2. The autographs. Inerrantists have often said that only the original manuscript of a Scripture text, the “autograph,” is perfectly inerrant. Everyone, of course, admits that there are errors in the copies of these texts. McGowan considers this a fatal admission:
If textual inerrancy is so vital to the doctrine of Scripture, why did God not preserve the autographa or precise copies of the same? Indeed, if inerrancy only applies to the autographa (which we do not possess), then surely it is a somewhat pointless affirmation? (109)

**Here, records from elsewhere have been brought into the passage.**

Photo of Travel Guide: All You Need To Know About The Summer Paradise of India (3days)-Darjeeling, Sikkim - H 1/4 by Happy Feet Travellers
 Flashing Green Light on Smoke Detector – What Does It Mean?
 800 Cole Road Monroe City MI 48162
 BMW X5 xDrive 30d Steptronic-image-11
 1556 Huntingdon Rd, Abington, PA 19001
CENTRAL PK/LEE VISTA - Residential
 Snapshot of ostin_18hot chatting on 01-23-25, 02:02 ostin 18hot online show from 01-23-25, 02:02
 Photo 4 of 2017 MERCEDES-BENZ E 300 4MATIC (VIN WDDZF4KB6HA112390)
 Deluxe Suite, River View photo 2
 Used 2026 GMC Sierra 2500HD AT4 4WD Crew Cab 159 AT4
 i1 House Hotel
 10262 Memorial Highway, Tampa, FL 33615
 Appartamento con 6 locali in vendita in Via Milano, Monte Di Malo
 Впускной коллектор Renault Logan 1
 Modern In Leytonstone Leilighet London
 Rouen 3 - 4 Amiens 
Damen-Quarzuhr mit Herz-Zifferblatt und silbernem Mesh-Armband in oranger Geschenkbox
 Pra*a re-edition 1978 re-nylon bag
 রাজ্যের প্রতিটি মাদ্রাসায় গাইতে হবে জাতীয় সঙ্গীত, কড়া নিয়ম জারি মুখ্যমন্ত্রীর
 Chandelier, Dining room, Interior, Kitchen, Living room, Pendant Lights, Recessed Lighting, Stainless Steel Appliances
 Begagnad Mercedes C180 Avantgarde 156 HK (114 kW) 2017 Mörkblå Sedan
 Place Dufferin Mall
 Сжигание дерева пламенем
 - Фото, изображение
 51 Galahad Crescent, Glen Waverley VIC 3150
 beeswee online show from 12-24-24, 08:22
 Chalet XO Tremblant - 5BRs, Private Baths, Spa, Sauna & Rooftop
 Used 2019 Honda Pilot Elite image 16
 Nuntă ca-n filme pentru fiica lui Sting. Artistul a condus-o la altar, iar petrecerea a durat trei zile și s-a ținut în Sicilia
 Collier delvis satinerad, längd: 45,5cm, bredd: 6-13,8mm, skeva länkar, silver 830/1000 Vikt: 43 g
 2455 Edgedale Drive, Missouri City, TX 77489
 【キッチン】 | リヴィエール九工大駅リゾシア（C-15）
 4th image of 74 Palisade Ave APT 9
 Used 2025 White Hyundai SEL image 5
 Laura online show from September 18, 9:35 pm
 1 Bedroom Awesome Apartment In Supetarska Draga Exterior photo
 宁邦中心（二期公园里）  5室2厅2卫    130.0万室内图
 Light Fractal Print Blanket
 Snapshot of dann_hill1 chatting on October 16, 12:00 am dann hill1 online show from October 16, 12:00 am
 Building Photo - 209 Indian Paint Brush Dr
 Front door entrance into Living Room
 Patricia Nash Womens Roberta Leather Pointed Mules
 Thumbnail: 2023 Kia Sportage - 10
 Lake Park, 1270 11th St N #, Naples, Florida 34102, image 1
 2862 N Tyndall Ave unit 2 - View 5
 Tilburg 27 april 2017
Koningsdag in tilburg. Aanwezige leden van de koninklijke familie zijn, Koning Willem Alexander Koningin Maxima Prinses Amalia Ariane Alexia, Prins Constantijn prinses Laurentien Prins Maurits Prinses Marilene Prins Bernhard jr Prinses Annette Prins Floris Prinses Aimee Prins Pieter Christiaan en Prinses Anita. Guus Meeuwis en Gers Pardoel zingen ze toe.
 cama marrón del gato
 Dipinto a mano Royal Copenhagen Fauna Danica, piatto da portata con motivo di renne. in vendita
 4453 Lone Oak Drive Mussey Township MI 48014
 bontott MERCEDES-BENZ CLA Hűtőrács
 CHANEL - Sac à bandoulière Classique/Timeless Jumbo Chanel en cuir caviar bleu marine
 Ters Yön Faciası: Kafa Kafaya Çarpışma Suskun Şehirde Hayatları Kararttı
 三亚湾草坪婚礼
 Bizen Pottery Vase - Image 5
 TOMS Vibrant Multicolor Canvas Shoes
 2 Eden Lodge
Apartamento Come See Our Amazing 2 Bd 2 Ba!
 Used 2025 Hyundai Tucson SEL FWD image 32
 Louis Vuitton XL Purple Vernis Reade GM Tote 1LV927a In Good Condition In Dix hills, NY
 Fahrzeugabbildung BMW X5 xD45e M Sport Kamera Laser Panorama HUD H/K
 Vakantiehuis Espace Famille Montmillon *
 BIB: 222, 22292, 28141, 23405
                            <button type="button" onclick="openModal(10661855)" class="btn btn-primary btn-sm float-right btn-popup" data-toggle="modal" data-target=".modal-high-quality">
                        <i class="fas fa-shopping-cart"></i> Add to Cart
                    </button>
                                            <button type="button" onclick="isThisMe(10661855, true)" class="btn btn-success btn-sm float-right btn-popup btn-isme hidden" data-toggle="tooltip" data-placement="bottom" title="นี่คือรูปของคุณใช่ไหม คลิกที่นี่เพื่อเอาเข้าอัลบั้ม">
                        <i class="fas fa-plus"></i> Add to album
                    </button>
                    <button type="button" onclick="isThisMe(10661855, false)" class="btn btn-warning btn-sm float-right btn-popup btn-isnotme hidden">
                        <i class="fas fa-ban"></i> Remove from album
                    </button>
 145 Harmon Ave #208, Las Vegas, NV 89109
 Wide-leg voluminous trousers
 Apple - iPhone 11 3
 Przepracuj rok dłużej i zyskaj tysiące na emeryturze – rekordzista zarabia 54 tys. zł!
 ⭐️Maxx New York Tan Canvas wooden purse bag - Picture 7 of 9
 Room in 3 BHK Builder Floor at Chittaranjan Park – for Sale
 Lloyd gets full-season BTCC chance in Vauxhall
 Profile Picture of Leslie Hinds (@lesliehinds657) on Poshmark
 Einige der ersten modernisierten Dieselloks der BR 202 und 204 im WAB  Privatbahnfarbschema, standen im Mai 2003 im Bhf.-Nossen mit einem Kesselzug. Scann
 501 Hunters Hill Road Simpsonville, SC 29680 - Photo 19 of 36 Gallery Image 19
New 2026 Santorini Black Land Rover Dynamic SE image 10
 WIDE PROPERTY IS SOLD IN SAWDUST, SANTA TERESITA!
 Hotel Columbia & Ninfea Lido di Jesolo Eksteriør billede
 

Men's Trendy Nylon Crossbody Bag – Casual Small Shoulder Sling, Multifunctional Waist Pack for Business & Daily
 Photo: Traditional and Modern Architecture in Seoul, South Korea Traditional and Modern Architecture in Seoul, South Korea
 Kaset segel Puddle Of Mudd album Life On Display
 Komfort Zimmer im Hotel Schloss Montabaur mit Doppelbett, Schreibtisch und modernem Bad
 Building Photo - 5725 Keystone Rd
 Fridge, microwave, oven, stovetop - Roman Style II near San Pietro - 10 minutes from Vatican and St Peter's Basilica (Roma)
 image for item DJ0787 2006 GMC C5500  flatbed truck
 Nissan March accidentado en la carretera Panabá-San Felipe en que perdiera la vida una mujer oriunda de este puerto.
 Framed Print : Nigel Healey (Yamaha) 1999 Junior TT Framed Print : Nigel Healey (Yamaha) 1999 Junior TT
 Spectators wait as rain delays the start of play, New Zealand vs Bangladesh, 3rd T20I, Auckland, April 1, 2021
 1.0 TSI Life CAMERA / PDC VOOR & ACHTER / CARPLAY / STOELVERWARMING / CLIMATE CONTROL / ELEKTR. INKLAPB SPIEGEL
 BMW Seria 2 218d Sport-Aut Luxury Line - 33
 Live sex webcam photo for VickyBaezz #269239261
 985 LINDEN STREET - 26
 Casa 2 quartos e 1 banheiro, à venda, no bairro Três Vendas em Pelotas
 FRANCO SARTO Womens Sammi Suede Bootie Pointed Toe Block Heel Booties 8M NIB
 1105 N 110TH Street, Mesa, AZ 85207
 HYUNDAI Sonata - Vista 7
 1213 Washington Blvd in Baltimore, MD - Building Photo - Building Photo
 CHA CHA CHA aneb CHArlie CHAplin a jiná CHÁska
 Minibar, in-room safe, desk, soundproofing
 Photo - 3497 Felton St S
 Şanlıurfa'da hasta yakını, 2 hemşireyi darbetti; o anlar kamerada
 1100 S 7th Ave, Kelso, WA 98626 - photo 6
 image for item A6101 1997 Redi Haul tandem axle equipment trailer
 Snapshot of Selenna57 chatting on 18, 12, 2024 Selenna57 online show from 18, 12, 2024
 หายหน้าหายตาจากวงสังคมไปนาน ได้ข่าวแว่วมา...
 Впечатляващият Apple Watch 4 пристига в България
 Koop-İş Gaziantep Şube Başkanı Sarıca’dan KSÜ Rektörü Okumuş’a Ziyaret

Several questions arise here:
a. What is the biblical basis for limiting inerrancy to the autographa? As I pointed out earlier (and as McGowan neglected to say) 2 Tim. 3:16 requires the existence of a God-breathed document. Spiration applies, not only to prophets, apostles, and biblical writers, but, in 2 Tim. 3:16 (the only biblical reference to spiration), to a text. A text created by divine spiration is necessarily a true text, a perfectly true text. And as we have seen, inerrant can be used as a synonym for truth in such contexts.
But then we must ask, where is that true text to be found? Certainly at least what Ex. 31:18 describes as “the two tablets of the testimony, tables of stone, written with the finger of God” would qualify. Few would doubt that those tablets constitute an autograph, unambiguously perfect. But does God promise us that copies of those tablets will also be perfectly true? I don’t believe he does. Indeed, in Deut. 4:2 and 12:32, Moses contemplates that people will be tempted to add to or subtract from the autograph, corrupting the revelation of God.31
The point is not, of course, that only the autograph has any truth or authority. Good copies should also be respected. But if one asks the technical question, what manuscripts of Scripture are 100% inerrant, the answer has to be, the autograph.
b. What constitutes an autograph? McGowan asks,
In any case, what do we mean by autographa? Even if we affirm that Moses was the author of Deuteronomy, he clearly did not write the last chapter concerning the account of his death! In that case at least, an editor or scribe added something. Could not other books have received similar treatment? If so, which is the autographic text? Could further changes have been made to Deuteronomy much later? If so, do these scribal additions or emendations affect the status of these books as Scripture? What is the relationship between the autographic text and the versions admitted to the canon? As these questions demonstrate, a simple appeal to autographa, as made by some scholars, does not solve all of the difficulties. (109)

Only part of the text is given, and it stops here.